Beim weitverbreiteten Windows-Betriebssystem besitzen alle Versionen seit XP (ab Servicepack 2) eine integrierte Firewall, während für andere Betriebssysteme zahlreiche Personal Firewalls zumindest für den privaten Gebrauch als Freeware erhältlich sind. Aus diesem Grund ist unverständlich, daß viele Zeitgenossen immer noch völlig ohne jeglichen Schutz im Internet surfen.

Es ist völlig normal, daß ab und zu (Minuten bis Stunden) eine Warnung erscheint, daß über Port xyz versucht wurde, auf Ihren Rechner zuzugreifen. Alleine dies ist schon Beweis genug, daß es absolut Sinn macht, eine Personal Firewall zu installieren. Die Warnung besagt, daß ein Zugriffsversuch erfolgte, der erfolgreich erkannt und abgewehrt wurde. Es ist vielmehr eine Information als eine Warnung, da der Zugriffsversuch ja bereits vor der Anzeige vereitelt wurde. Wenn es Sie nervt, daß schlimmstenfalls alle paar Sekunden diese Meldung erscheint, können Sie sie auch ohne Sicherheitsverlust deaktivieren. Sie wundern sich über die Häufigkeit? Nun, Angriffe werden selbstverständlich nicht mehr einzeln von Hand gesteuert sondern es werden Tools verwendet, die automatisch das Internet nach verwundbaren Rechnern absuchen. Wenn mehrere Hacker gleichzeitig aktiv sind, hat eine Firewall sehr oft zu tun.


Sicherheitslöcher

Potentielle Angreifer finden oft neue Sicherheitslöcher in der von Ihnen verwendeten Software, wodurch sie versuchen, durch eine Hintertür in Ihr System einzubrechen. Bevorzugte Ziele sind Browser und eMail-Programme, aufgrund ihrer Verbreitung insbesondere der Internet Explorer und Outlook Express. Beispielsweise die Zeitschrift  c't bietet einen Service an, mit dem Sie Ihren  Browser auf Sicherheitsmängel testen können. Weiterhin erfahren Sie dort, wie Sie Ihren  Browser derart konfigurieren, daß bei Ihrem Rechner nicht unnötig alle Türen sperrangelweit aufstehen. Hersteller von Browsern und eMail-Programmen versuchen natürlich permanent, ihre Produkte sicherer zu machen, weshalb es immer schwerer wird, dort Sicherheitslücken zu entdecken. Deshalb versuchen Hacker zunehmend auf anderem Weg, ihre Schadsoftware an den Mann zu bringen. Dies gelingt sehr leicht, wenn man den Anwender dazu bringt ein harmlos aussehendes Dokument zu öffnen, das zum Starten einer bestimmten Anwendung führt. Bevorzugte Einfallstore sind Flash und PDF. Den Flash-Player sowie den verbreiteten Acrobat Reader (beides von der Firma Adobe) kann man leider nur als Installationshilfe für Schadprogramme bezeichnen, da beide nicht nur ganz erhebliche Sicherheitslücken besitzen sondern von ihrem Design her aktive Inhalte ermöglichen, die per se gefährlich sind. Am besten deinstallieren sie beides schnellstmöglichst von Ihrem Surfrechner. Es gibt einige kostenlose Programme mit auf einen sinnvollen reduzierten Funktionsumfang, die Sie zur Anzeige von PDF-Standarddokumenten verwenden können.

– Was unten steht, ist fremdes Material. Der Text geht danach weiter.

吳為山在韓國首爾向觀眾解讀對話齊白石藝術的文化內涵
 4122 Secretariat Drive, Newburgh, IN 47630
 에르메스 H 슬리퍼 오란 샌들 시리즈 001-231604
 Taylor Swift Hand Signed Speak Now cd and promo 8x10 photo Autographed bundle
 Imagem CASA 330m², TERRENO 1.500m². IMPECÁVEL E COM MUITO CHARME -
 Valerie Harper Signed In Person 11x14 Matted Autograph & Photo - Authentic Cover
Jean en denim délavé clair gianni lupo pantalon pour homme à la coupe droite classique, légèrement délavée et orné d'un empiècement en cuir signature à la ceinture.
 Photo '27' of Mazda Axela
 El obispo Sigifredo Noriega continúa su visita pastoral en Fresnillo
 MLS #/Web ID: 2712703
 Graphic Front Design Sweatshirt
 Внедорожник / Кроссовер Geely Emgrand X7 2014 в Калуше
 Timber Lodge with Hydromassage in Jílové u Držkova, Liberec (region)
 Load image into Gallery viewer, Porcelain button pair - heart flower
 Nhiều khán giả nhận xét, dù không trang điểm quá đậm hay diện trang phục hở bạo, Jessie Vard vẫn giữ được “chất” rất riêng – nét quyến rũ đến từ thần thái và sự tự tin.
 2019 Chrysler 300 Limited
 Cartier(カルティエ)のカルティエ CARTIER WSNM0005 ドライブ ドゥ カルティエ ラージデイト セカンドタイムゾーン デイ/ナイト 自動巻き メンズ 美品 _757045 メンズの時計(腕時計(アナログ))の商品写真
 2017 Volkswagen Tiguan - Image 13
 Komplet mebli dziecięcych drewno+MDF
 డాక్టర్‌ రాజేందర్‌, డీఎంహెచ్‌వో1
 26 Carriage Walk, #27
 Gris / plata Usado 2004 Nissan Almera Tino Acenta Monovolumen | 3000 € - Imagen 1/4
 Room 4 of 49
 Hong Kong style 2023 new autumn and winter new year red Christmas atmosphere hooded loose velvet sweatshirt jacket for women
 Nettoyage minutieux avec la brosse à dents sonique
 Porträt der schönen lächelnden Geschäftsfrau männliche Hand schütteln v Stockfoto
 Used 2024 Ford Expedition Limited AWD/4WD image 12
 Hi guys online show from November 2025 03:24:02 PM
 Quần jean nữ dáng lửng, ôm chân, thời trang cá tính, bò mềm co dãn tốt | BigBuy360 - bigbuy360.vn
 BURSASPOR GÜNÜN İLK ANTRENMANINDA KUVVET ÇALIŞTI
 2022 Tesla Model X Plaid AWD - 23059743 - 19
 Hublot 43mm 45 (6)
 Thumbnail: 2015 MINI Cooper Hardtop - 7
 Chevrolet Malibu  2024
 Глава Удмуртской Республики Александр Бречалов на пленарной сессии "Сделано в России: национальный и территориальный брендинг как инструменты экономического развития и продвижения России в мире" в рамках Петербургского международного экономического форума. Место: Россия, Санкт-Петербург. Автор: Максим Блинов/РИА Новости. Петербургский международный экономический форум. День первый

Der Erfahrung nach das allergrößte Sicherheitsloch ist jedoch der Benutzer selbst. Ganz wichtig ist es, daß Sie bei eMails Besonnenheit wahren. Unverlangt von irgendwelchen Zeitgenossen zugeschickte eMails, die Dateien enthalten, die man starten soll, sollten Sie sogleich löschen, weil der Anhang mit nahezu 100% Sicherheit einen Virus oder einen Trojaner enthält. Beliebt ist es auch, Dateien mit einer doppelten Dateiendung zu versehen wie z.B. Readme.txt.exe oder Readme.txt.vbs. Wenn Dateiendungen auf Ihrem System standardmäßig nicht angezeigt werden, erscheinen beide Dateien als harmlose Textdateien, nämlich Readme.txt. Wenn Sie nun die Datei ansehen möchten und daher öffnen, weiß das System, daß es sich um ausführbare Dateien handelt und startet sie. Und schon ist der Virus/Trojaner aktiv. Also Vorsicht vor unverlangt zugeschickten Dateien jeglicher Art! Zusätzlich sollten Sie unbedingt die Anzeige der Dateitypen aktivieren. Dies erfolgt im Windows Explorer (nicht Internet Explorer!) im Menü Ansicht - Optionen. Dort müssen Sie lediglich das Häkchen für "Keine Erweiterungen für registrierte Dateien" entfernen.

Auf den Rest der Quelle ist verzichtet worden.